Download the following CSV file, which contains weather data from the
Maine Lakes Resource Center on five minute intervals since May. If
you open the file, you'll note that it has a lot of header lines
giving details about the data itself.
This data contains 14 fields. For now, we're going to concern ourselves with field 8, PAR. PAR stands for Photosynthetically Active Radiation. Basically, it's a measure of much visible sunlight is shining on the sensor.
The goal of step one in this project is to figure out how many cloudy days and how many sunny days occurred in June and July of 2015. We're going to do this by looking at the PAR value at noon on each day of June and July and seeing how many of those PAR measurements were above 800uE and how many were below.
The first sub-task is to create a grep command that gives all of the lines
of data from June and July. Looking at the time and date field, it has the form
Note that the month and day fields and the hour field can have either one or two digits in it. We want to find all of the date patterns that have a 6 or 7 in the month field, any one or two digits in the month field, and that end in /15. Develop the appropriate grep command and test it on the data to make sure you are getting every line from June and July 2015.
The form of your command will look like this:
grep <juneJulyExpression> MaineLakesResourceCenterData16.csv
where <juneJulyExpression> will be replaced by the actual expression (and don't forget to put it in quotes).
The second sub-task is to extract the PAR value for just those lines that
occur at noon. This is broken into two sub-sub-tasks:
- Find all of the lines containing the string 12:00. Pipe the output of the
grep command from step one to a grep command that extracts all of the
noon lines. Your command should have the form.

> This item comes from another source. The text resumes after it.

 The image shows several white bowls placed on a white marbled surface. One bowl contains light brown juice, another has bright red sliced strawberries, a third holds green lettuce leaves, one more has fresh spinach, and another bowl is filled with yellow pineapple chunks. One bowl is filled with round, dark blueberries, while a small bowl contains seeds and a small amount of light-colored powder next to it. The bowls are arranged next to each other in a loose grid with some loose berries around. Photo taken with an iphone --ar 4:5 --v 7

grep <juneJulyExpression> MaineLakesResourceCenterData16.csv | grep <noonExpression>
where <noonExpression> will be replaced by the expression to extract only those lines with 12:00 in them (don't forget your quotes). Test this step.
Pipe the output to a cut command that extracts field 8
delimited by commas. Test that this result gives you just the
PAR column. It should give you 61 PAR values. Pipe the
output of the cut command to wc if you want to get a
line/word/character count. Your terminal command for doing
that should look something like below.
grep <juneJulyExpression> MaineLakesResourceCenterData16.csv | grep <noonExpression> | cut <arguments> | wc
- Find all of the lines containing the string 12:00. Pipe the output of the grep command from step one to a grep command that extracts all of the noon lines. Your command should have the form.
The third sub-task is to write a Python program that reads the stream of
PAR data and classifies each value as either a cloudy day or a sunny
day. Use 800uE as the threshold for sunny/cloudy. A value less than
800 means the day is pretty overcast. Your program should also sum
all of the PAR values for sunny days and sum the PAR values for cloudy
days and then compute and print the average for each, along with the
total number of each type of day. There should be 42 sunny days and
19 cloudy days at noon in June and July 2015.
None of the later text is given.